What roles can additional agents play in supporting the primary agent to ensure users achieve their goals?

Future Directions

Looking ahead, the integration of LLM within Facetune opens numerous directions for further enhancing the app’s editing capabilities and user experience. With the new models of GPT, it’s now possible to attach images to requests, and the maximum token limit has been increased.
Lastly, we’d like to minimize the fallback scenarios and support all app tools including those using brushes.

Conclusion

The journey to integrate an LLM-based agent into Facetune involved overcoming numerous challenges. Initially, the LangChain framework was considered for creating a fully autonomous agent. However, the prompt size expansion it introduced led instead to the development of a custom solution, supported partially with some LangChain features. Deploying the model queries as a Flask app and having the mobile app interact with it to get parsable responses established a system that perceives inputs, processes them according to predefined instructions, and generates appropriate outputs.

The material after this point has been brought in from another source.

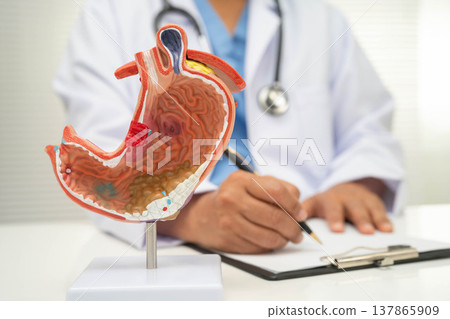 Stomach disease, doctor with anatomy model for study diagnosis and treatment in hospital. 137865909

To sum up, this project demonstrates that an LLM-based agent system can be a valuable tool for addressing various challenges in application development.
I encourage you to consider your own project needs, define your use cases, and leverage AI agents powered by LLMs to deliver value faster. Additionally, think about how you can balance using existing frameworks with custom solutions to address your specific needs. By understanding the challenges and solutions implemented in this project, I hope you can apply these insights to ensure an efficient integration of AI technology.